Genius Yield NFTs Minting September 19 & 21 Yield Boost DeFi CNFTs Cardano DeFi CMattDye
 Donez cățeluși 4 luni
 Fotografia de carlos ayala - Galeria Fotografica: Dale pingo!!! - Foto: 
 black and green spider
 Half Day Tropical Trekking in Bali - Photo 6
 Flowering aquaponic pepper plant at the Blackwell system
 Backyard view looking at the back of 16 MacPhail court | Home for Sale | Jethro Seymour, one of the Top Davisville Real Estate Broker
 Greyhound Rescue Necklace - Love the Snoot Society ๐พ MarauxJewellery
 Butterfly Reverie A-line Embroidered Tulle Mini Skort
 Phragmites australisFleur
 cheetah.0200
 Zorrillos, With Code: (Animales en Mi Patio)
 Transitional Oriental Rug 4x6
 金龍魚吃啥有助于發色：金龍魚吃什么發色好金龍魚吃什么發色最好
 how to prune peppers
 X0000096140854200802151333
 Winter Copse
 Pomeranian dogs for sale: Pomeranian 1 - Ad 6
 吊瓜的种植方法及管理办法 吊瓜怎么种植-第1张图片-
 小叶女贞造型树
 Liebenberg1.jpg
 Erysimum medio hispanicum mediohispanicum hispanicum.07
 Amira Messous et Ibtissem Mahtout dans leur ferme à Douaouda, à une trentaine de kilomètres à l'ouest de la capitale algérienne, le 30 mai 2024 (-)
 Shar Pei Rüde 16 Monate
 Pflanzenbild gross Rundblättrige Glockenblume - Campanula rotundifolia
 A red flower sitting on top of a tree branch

━━━━━━━━━━━━━━━━━━━━━━━━━━━━━━

PROBLEM TO SOLVE: Nothing in the entries may change. Retype them all.

WRITTEN SOLUTION:
Genius Yield NFTs Minting September 19 & 21 Yield Boost DeFi CNFTs Cardano DeFi CMattDye
 Donez cățeluși 4 luni
 Fotografia de carlos ayala - Galeria Fotografica: Dale pingo!!! - Foto: 
 black and green spider
 Half Day Tropical Trekking in Bali - Photo 6
 Flowering aquaponic pepper plant at the Blackwell system
 Backyard view looking at the back of 16 MacPhail court | Home for Sale | Jethro Seymour, one of the Top Davisville Real Estate Broker
 Greyhound Rescue Necklace - Love the Snoot Society ๐พ MarauxJewellery
 Butterfly Reverie A-line Embroidered Tulle Mini Skort
 Phragmites australisFleur
 cheetah.0200
 Zorrillos, With Code: (Animales en Mi Patio)
 Transitional Oriental Rug 4x6
 金龍魚吃啥有助于發色：金龍魚吃什么發色好金龍魚吃什么發色最好
 how to prune peppers
 X0000096140854200802151333
 Winter Copse
 Pomeranian dogs for sale: Pomeranian 1 - Ad 6
 吊瓜的种植方法及管理办法 吊瓜怎么种植-第1张图片-
 小叶女贞造型树
 Liebenberg1.jpg
 Erysimum medio hispanicum mediohispanicum hispanicum.07
 Amira Messous et Ibtissem Mahtout dans leur ferme à Douaouda, à une trentaine de kilomètres à l'ouest de la capitale algérienne, le 30 mai 2024 (-)
 Shar Pei Rüde 16 Monate
 Pflanzenbild gross Rundblättrige Glockenblume - Campanula rotundifolia
 A red flower sitting on top of a tree branch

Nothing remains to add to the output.